The trick is to introduce a ghost sample $S' = (Z'_1, \ldots, Z'_n)$, iid from $P$, independent of $S$. The ghost sample never gets drawn — it is a mathematical fiction we use to symmetrize the difference. The key observation: $Pf = \mathbb{E}_{S'}[\hat P_{S'} f]$, where $\hat P_{S'} f = \frac{1}{n} \sum_i f(Z'_i)$ is the ghost empirical measure. The pair $(Z_i, Z'_i)$ is iid from $P \times P$, exchangeable under coordinate swap — and that exchangeability is what lets us introduce iid Rademacher signs without changing the joint distribution.

Generalization-gap moments → Rademacher averages

For any fixed function $g(z, z') = f(z') - f(z)$, the pair $(Z_i, Z'_i)$ and its swap $(Z'_i, Z_i)$ have the same joint distribution; the function $g$ is antisymmetric under the swap, so $g(Z'_i, Z_i) = -g(Z_i, Z'_i)$. Equivalently, $f(Z'_i) - f(Z_i)$ has the same distribution as its negation, conditional on the pair being drawn iid. Inserting an iid Rademacher sign $\sigma_i$ leaves the joint distribution unchanged for each fixed $f$ — and the supremum can be moved through by Jensen-like arguments. The full chain follows.

A full proof, written out

McDiarmid + Rademacher → uniform convergence

We have two ingredients: symmetrization (Lemma 3) controls $\mathbb{E}_S[\Phi_S(\mathcal{F})]$ by $2 \mathfrak{R}_n(\mathcal{F})$; concentration (McDiarmid, from concentration-inequalities) promotes “expectation $\le$ …” into “with probability $\ge 1 - \delta$, … $\le$ …”. Combine them and we get the canonical generalization bound — the theorem the whole chapter has been building toward.

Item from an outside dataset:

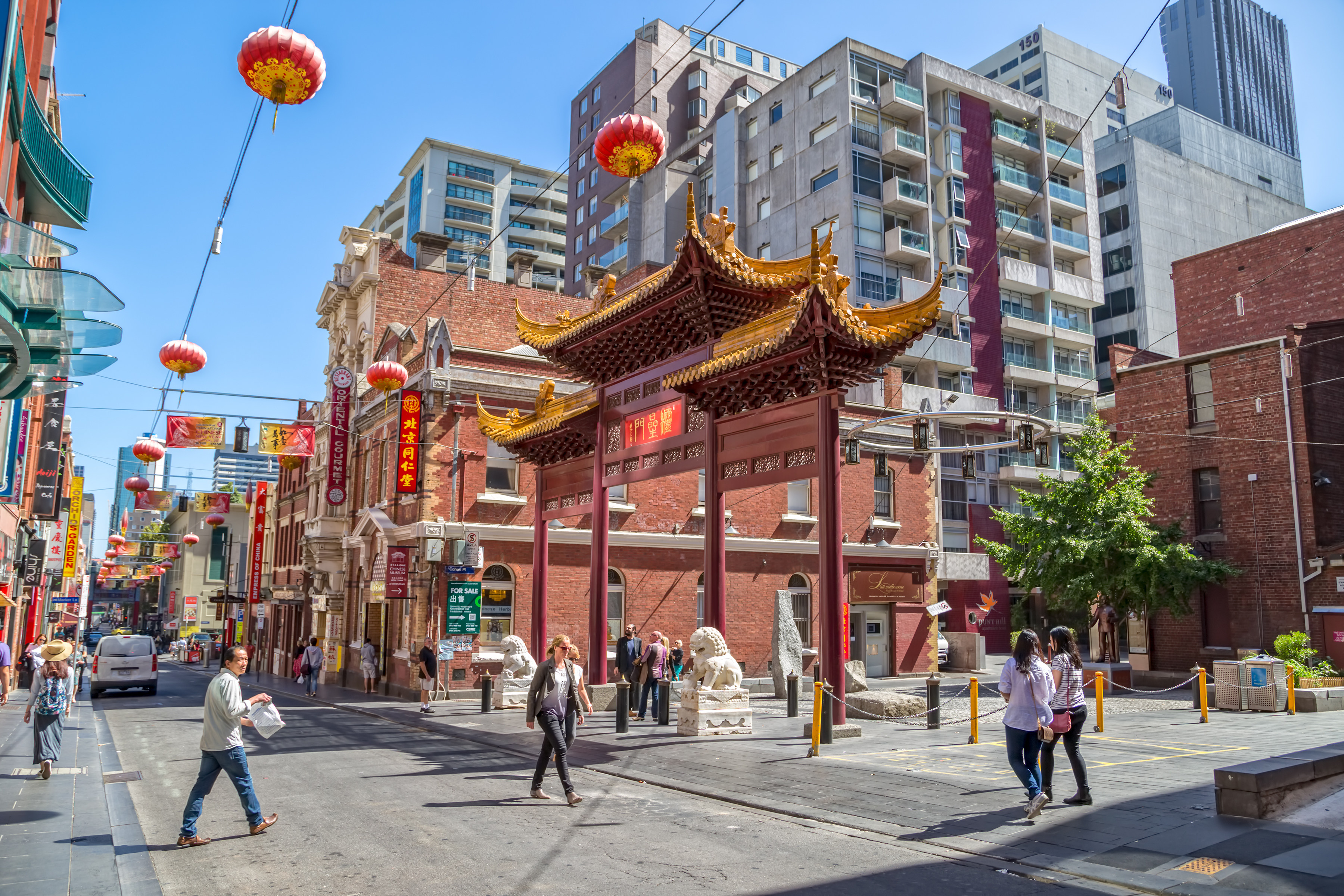 People walk down the main street of Chinatown in Melbourne, Australia. Photo: Shutterstock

Bounded differences for $\sup_h (R - \hat R_S)$

The function $S \mapsto \Phi_S(\mathcal{F})$ has the bounded-differences property for losses bounded in $[0, M]$. Replacing one sample $Z_i$ with a different value $Z'_i$ changes $\hat{R}_S(h)$ by at most $M/n$ for any fixed $h$ (the loss term for the $i$-th sample contributes at most $M/n$ to the average). Therefore $\sup_h (R(h) - \hat R_S(h))$ changes by at most $M/n$ — the supremum operation preserves the bounded-differences constant.

McDiarmid concentration on $\Phi_S$

By McDiarmid’s bounded-differences inequality, for any $t > 0$,

$$\Pr_S\big[\Phi_S(\mathcal{F}) - \mathbb{E}[\Phi_S(\mathcal{F})] \ge t\big] \le \exp\!\Big({-}\frac{2 n t^2}{M^2}\Big).$$

This is a concentration statement: $\Phi_S$ is tightly concentrated around its mean. To deduce a high-probability upper bound on $\Phi_S$ itself, we use the (one-sided) failure inversion: with probability at least $1 - \delta'$,

$$\Phi_S(\mathcal{F}) \le \mathbb{E}[\Phi_S(\mathcal{F})] + M \sqrt{\frac{\log(1/\delta')}{2n}}.$$

The bound on $\mathbb{E}[\Phi_S]$ comes from Lemma 3 (symmetrization). The remaining task is to upgrade the population Rademacher in Lemma 3 to the empirical Rademacher — the latter is what we can compute from a single sample.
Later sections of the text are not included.